Please explain.
No better example than the Haunted Mansion. I absolutely agree with you and have said this very thing before. You can have legit fun being distracted in lines at Disney
Disney's game plan is to try to make it seem like you aren't in a line at all, and if you are in a line it will go fast and there will be something to distract you.
Short article here with some of their "tricks". And another here.
I'm a big Disney Imagineer fan and I also love solving complex issues for maximum efficiency, so I was all over this "Device Deployment" design. Essentially, before school started we had to get 5,000 Chromebooks in student hands from 6th to 12th grade spread across 5 buildings with about 15 employees. We needed to collect payment and signed user agreement and give them the device set up specific for their grade and building.
Once we knew what building they were going to be in I went to work. We set up the first station, user agreement, inside the large entryway away from the door to make sure the line would never show from the parking lot. Then you went through a set of doors into a library classroom for the payment station. You'd exit that room on the opposite side to go across the hall to the cafeteria which had stations set up for grade levels and buildings. They exited out the other side of the cafeteria back into the parking lot they parked in.

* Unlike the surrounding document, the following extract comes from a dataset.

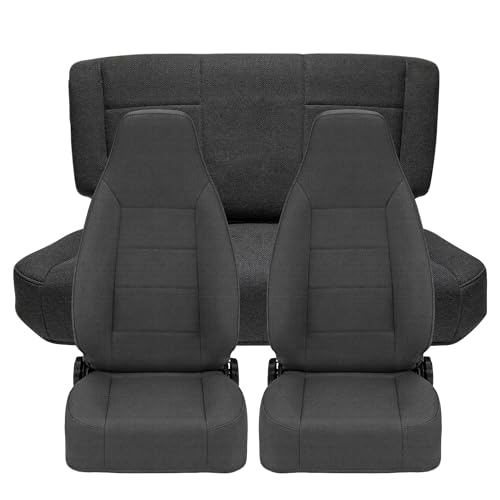 EDIETH Full Set Front and Rear Seat Covers for Jeep Wrangler TJ 1997 1998 1999 2000 2001 2002 Durable Automotive Interior Protection with Enhanced Padding - Black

The loop was perfect because you couldn't see each station from any other station. At most you might see the same two-three people in front of you at each station, but you never see the rest of the people moving through the loop. Most of the time you are "in line" you were actually walking from station to station.
We also had people "sign up" for 30 minute time slots. This helped to keep the crowds thinned at any one time, but more importantly the parents thought the process would take 30 minutes. It ended up taking about 10, so people just thought things went really well.
We also did a "fast pass" lane. Instead of going the long loop of user agreement and payment, you could have paid online and brought your signed user agreement. Those people immediately went left, handed over their User Agreement and someone would check their Student ID# for payment in our records. Those people then go down the hall and enter the cafeteria to pick up their device. These people were in and out within 5 minutes.
So:
1. Keep people moving
2. Don't let people see the whole line
3. Have interactive pieces in the line
4. Oversell how long the process should take
I was real hyped when I got to design the Covid Vaccine events.